The law is also expected to map out ways for indebted companies to access finance, in a bid to address a clampdown in lending in the UAE in the wake of the financial crisis.
Dubai established a $20bn bailout fund to help state-owned firms unable to raise cash from banks during the credit crisis. The Gulf emirate said in May the fund would also offer aid to non-government entities as the emirate continued to battle a debt crisis.For all the latest banking and finance news from the UAE and Gulf countries, follow us on Twitter and Linkedin, like us on Facebook and subscribe to our YouTube page, which is updated daily.
This concept will work only in Democratic country. The main reason transperancy and accountability. There is no transperancy
except few companies. All company owners wants to make quick money and run from here.
It is not so much democracy but rule of law. You could have that in Singapore, not the most democratic regime specially in the past, but very careful about the application of law.
About owners wanting "to makquick money and run from here" I would like to kindly point you that we are constantly reminded about the airport and the many roads leading to it, and the many airplanes leaving from it. Are you surprised people have a short term mindset?
A bankruptcy law is long overdue in the UAE. In view of the remarkable growth achieved by the country in a very short span of time it is high time that bankruptcy is recognised as a legitimate business situation and not necessarily one that is conditioned by criminal intent. A propoerly implemented bankruptcy law will go a long way in consolidating UAE as a preferred investment destination.
I will be interested to see as to whether the bankruptcy law will also apply to company's that are 100% foreign owned, such as free zone company's or merely to firm's with majority UAE National ownership aside from state-owned entities.
If the new law does apply to 100% foreign companies, then that will help, but implies that directors' visas need to be longer than what has been cut from 3 to 2 years on the next time round renewal, possibly 5 years. No one in their right mind would wish to be in the country illegally while honourably stewarding a bankruptcy.
While Dubai Nat & Res say they are attempting to revoke this new visa rule, I doubt that there will be change of mind at Federal level. Primarily because the visa rules were amended, as I understand it, to help increase the number of UAE Nationals in work and senior positions available to them as well as reduce the number of foreigners working in the country.

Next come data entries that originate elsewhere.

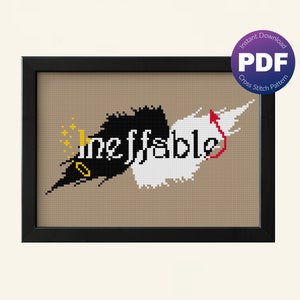 Angel and Demon Inspired Cross Stitch Pattern - Angel, Demon, Wings - PDF Instant Download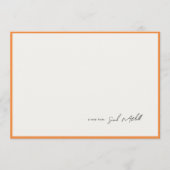 Minimalist Orange Border Personalized Script Notitiekaartje (Voorkant)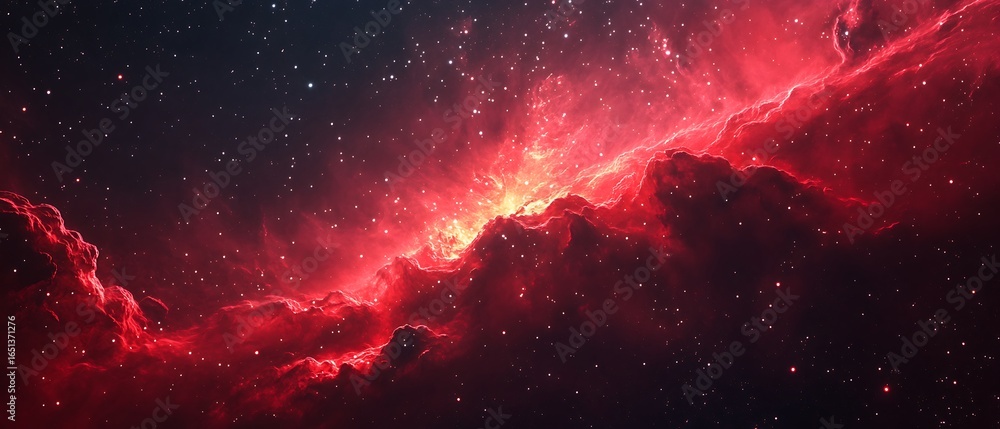 Poster intense red nebula with bright core, surrounded by a field of stars in the infinite darkness of the 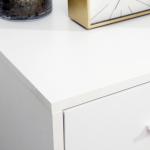 Armário de Escritório para Impressora Multifuncional com 3 Gavetas Prateleira Ajustável e Rodas 80x40x65cm Branco
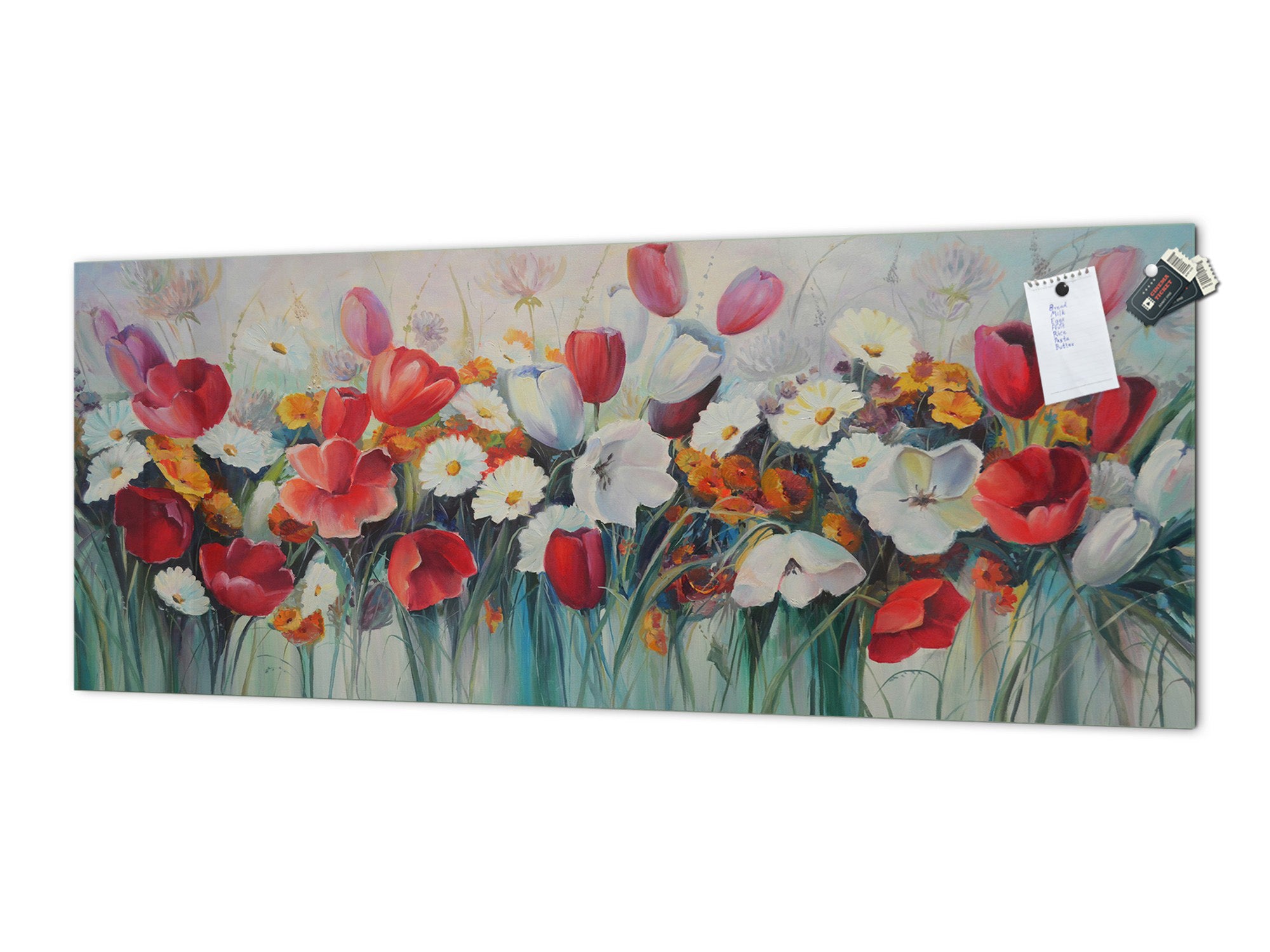 Glass backsplash w/ and w/o metal sheet backing with magnetic properties: Oil on canvas flowers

However, if this law does not apply to 100% foreign owned co's?
If this newspaper is a reliable measure of people's feeling I think you should not count on a extended visa. I am sure some sectors in Dubai specially are pushing for this, but I seriously doubt they will get any traction at the Federal level.
In any case this is just an announcement, operational words "is likely to be introduced in 2012"; lets wait to see what (if anything) comes out of this.
All robust and mature economies need some form of a bankruptacy law to allow a legal resolution of unfortunate business eventualities
We have heard about this impending law for quite some time. Like most other announcements, the actual notification and implementation may only happen after a very long gap and the provisions may fall short of what is expected, required and necessary.